_SUPPLIED MATERIAL:_
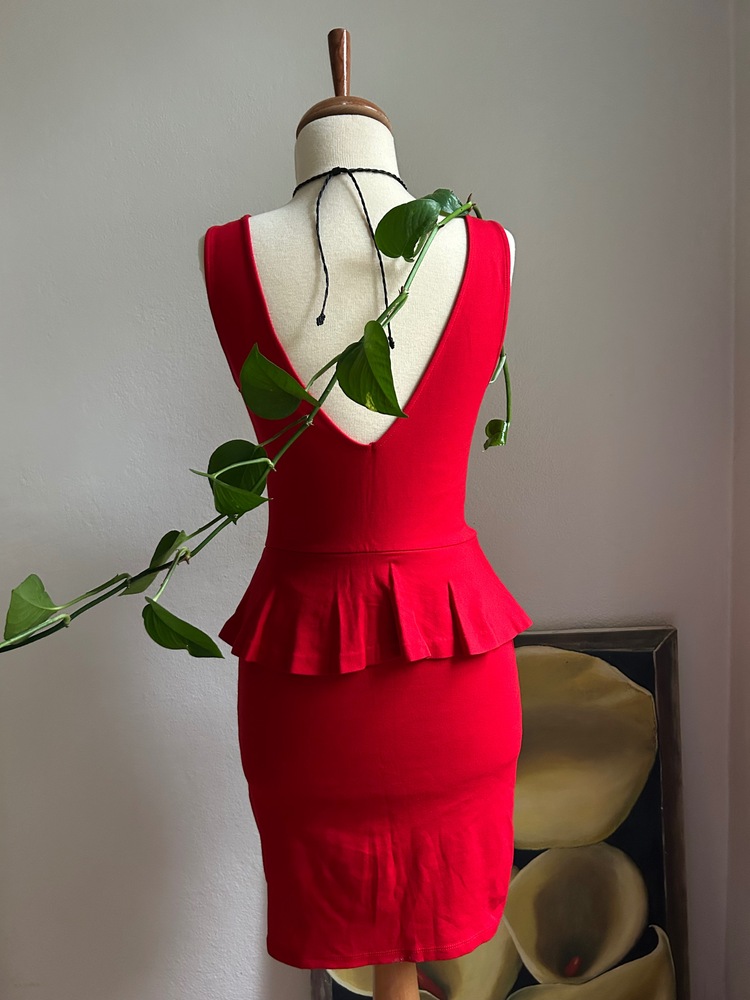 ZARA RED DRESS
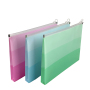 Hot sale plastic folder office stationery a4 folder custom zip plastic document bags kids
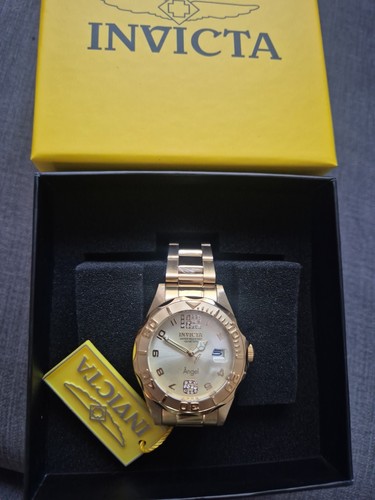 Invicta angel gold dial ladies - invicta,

_WHAT IS BEING ASKED:_
Without altering anything, output all the lines above but none of the images.

_SOLUTION TO THIS PROBLEM:_
 ZARA RED DRESS
 Hot sale plastic folder office stationery a4 folder custom zip plastic document bags kids
 Invicta angel gold dial ladies - invicta,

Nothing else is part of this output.